Beta 2-agonists are considered one of the cornerstones of the asthma therapy, but their short action requires frequent administration and an association with other broncodilators. The development of long-acting beta 2-agonists may represent an important improvement in asthma treatment. The present study was designed to assess the efficacy and safety of inhaled salmeterol compared to salbutamol in patients with mild-to-moderate asthma. After the two run-in weeks, the patients received either salmeterol 50 mg twice a day or salbutamol 200 mg four times a day, over a four week period, following a double blind, parallel group study.

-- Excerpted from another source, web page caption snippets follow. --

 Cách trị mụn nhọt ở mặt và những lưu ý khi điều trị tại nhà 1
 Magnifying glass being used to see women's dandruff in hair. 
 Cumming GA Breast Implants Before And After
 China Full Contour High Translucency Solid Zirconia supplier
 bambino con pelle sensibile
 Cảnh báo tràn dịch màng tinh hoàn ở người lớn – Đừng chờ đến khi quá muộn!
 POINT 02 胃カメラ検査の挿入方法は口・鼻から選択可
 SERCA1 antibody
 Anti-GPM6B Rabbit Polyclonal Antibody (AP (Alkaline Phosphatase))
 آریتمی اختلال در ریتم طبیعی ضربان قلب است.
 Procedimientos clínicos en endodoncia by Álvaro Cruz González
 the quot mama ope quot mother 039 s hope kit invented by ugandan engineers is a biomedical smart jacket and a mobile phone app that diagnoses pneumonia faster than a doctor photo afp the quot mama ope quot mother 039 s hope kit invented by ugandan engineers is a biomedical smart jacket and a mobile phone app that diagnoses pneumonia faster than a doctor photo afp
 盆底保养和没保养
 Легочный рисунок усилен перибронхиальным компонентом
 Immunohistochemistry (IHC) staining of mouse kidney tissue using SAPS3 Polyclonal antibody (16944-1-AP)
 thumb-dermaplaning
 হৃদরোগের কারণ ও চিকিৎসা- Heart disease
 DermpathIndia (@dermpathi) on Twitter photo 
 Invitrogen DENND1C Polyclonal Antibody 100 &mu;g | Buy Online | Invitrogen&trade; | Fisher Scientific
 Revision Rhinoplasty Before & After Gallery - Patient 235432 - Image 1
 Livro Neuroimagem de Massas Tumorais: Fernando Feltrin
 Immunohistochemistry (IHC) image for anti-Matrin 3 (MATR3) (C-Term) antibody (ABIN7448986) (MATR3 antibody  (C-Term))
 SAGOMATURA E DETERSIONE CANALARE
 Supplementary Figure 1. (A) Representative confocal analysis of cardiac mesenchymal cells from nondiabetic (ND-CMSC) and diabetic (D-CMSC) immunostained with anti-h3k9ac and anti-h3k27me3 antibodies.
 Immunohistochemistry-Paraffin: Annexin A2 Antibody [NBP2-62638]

Sixty patients had the following inclusion criteria: FEV1 > 50% or PEFR over the past seven days > 50% of predicted normal; reversibility of FEV1 > 15%; symptoms scores > 2 (score 0 and 5) in 4 of the last seven days or PEFR variation > 15%. Seven patients discontinued the protocol (see methods). Of the 53 analyzable patients, 25 were of the salmeterol group and 28 of the salbutamol group. Our results showed that in the run-in period there were not differences among the groups comparing the values of FEV1 in % predicted, morning PEFR and asthma symptoms scores. The improvement rate of morning FEV1 and PEFR in patients who received salmeterol was significantly higher (p < 0.05) compared to the patients who received salbutamol, for two and four weeks of treatment. Also, the salmeterol group have shown reduction of the symptoms in the nocturnal period(significantly in the first fortnight of treatment) demonstrated by the significative increase in the symptoms improvement rate when compared salmeterol and to salbutamol groups. The number of rescue medication inhaled, side effects, heart rate, blood pressure, serum potassium dosage and electrocardiograms, did no show significative differences between the groups. This study showed that in mild to moderate asthmatic patients, salmeterol in the dosage of 100 mg/day raised the FEV1 and the morning PEF and led to pronounced decrease in the nocturnal symptoms as compared to salbutamol. The side effects were similar.